Some eight years passed.
One morning, after the morning chores were finished, Uncle Henry came to sit on the front step. Dorothy sat next to him, imitating the hunch of his back, the twist of his hands. She watched his face and he watched the sky. Auntie Em was inside, sweeping the floor.
“I don’t like the color,” Uncle Henry said.
“You don’t like the color of what?” asked Dorothy.
Dorothy looked up and realized the sky had turned a deep shade of green. In the distance, they could hear the wind and began to see a ripple across the tips of the tall grass. The sky to the north was dark and the wind came from that darkness. As they watched the stalks begin to bend, they heard a steady wail coming from the south. The grass was bending from that direction as well.
Uncle Henry jumped from his seat on the step. He took Dorothy by the shoulders and looked deep into her eyes. “Tornado’s comin’. Get into the cellar. Go!” He turned and ran to the livestock.
Dorothy, not knowing what a tornado was, ran into the home with Toto at her heels.
“Uncle Henry said to go into the cellar. Something is coming!”
Auntie Em dropped the broom with a clatter and stepped toward the cellar door. As she did, the wind hit the boards of the house with a giant force and the house seemed to move a bit across the floor, knocking them both off their feet. Emily fell to the floor while Dorthy was pushed back against the wall and tumbled to the corner. Toto, whining, jumped onto Auntie Em’s and Uncle Henry’s bed and tried to bury himself in the blankets.
Auntie Em screamed, crawling across the boards to the trapdoor. Dorothy was pressed by the very wind into the corner of the house. Auntie Em reached the cellar door, fighting it to open, the hair pulling from her bun and freeing itself as it flew around her head. She threw the cellar door open, dropping her legs inside, her body disappearing into the darkness. Only her head stuck out as she screamed Dorothy’s name. Dorothy tried to crawl across the floor as the corners of the house seemed to bump and lift. Dorothy reached out to Auntie Em, Auntie Em holding the cellar door open and screaming her name. As Dorothy crawled, she heard a whine from the bed.

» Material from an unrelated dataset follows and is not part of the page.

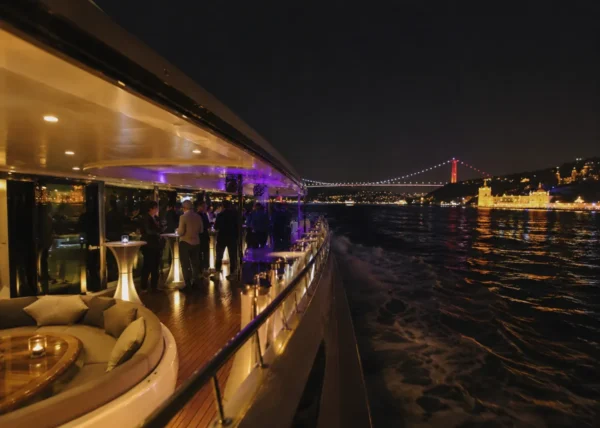 Daytime vs Evening Bosphorus Cruise, Which One Fits You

Dorothy struggled to her feet, stepping towards the bed and away from Auntie Em. With a great bump, Dorothy was once again knocked off her feet to the foot of the bed, the front door slammed shut and the cellar door crashed down. The house creaked in protest as it lifted, breaking free of the earth. Dorothy crawled up to the corner of the bed where Toto was hidden and she herself crawled under the blankets, her little black dog pressing into her.
Dorothy felt the world begin to spin, like when she would twirl in the yard until she fell over, staring at the sky, the world moving around her and underneath her.